----- Given information -----

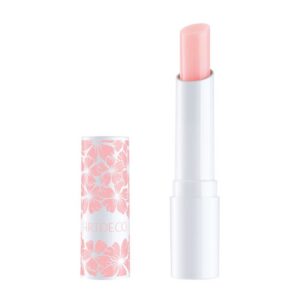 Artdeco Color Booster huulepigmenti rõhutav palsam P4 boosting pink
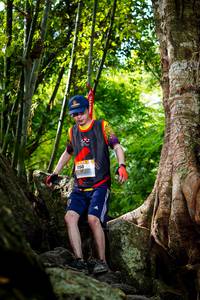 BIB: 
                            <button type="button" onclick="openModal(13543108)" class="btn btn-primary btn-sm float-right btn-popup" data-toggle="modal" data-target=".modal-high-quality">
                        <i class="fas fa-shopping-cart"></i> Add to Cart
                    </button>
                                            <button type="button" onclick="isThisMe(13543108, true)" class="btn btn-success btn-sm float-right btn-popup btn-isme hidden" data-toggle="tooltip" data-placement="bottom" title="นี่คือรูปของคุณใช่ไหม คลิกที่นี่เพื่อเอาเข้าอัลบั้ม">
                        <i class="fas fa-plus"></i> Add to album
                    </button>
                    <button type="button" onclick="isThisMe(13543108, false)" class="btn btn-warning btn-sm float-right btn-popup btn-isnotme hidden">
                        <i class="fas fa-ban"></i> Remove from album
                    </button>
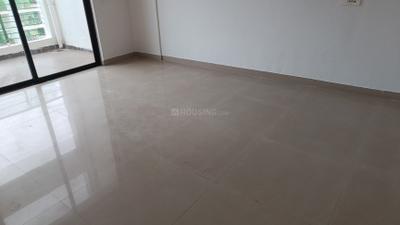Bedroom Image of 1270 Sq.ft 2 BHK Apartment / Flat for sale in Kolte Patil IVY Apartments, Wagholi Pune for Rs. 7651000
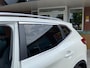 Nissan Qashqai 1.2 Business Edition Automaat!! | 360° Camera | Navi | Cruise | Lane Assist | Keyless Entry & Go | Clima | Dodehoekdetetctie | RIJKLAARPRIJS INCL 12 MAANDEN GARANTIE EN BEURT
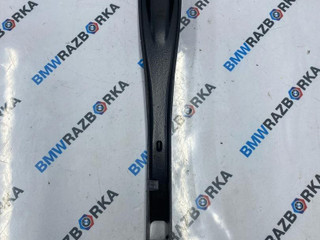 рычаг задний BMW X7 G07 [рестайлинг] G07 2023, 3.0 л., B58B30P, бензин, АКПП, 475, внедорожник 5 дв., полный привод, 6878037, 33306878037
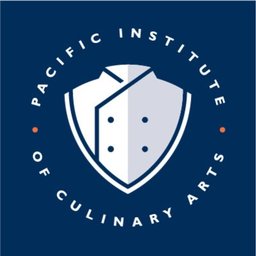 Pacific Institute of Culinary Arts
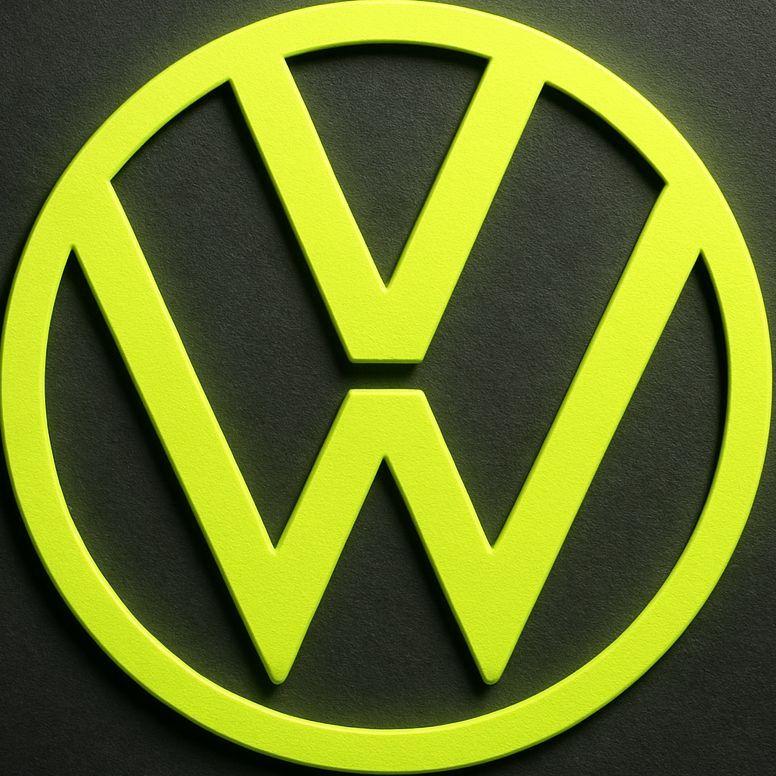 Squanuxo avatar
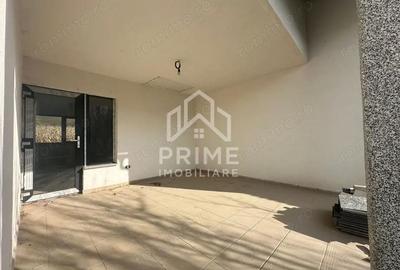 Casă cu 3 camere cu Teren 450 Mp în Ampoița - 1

-----

Leave out the pictures and retype every line above exactly.

 Artdeco Color Booster huulepigmenti rõhutav palsam P4 boosting pink
 BIB: 
                            <button type="button" onclick="openModal(13543108)" class="btn btn-primary btn-sm float-right btn-popup" data-toggle="modal" data-target=".modal-high-quality">
                        <i class="fas fa-shopping-cart"></i> Add to Cart
                    </button>
                                            <button type="button" onclick="isThisMe(13543108, true)" class="btn btn-success btn-sm float-right btn-popup btn-isme hidden" data-toggle="tooltip" data-placement="bottom" title="นี่คือรูปของคุณใช่ไหม คลิกที่นี่เพื่อเอาเข้าอัลบั้ม">
                        <i class="fas fa-plus"></i> Add to album
                    </button>
                    <button type="button" onclick="isThisMe(13543108, false)" class="btn btn-warning btn-sm float-right btn-popup btn-isnotme hidden">
                        <i class="fas fa-ban"></i> Remove from album
                    </button>
Bedroom Image of 1270 Sq.ft 2 BHK Apartment / Flat for sale in Kolte Patil IVY Apartments, Wagholi Pune for Rs. 7651000
 Nissan Qashqai 1.2 Business Edition Automaat!! | 360° Camera | Navi | Cruise | Lane Assist | Keyless Entry & Go | Clima | Dodehoekdetetctie | RIJKLAARPRIJS INCL 12 MAANDEN GARANTIE EN BEURT
 рычаг задний BMW X7 G07 [рестайлинг] G07 2023, 3.0 л., B58B30P, бензин, АКПП, 475, внедорожник 5 дв., полный привод, 6878037, 33306878037
 Pacific Institute of Culinary Arts
 Squanuxo avatar
 Casă cu 3 camere cu Teren 450 Mp în Ampoița - 1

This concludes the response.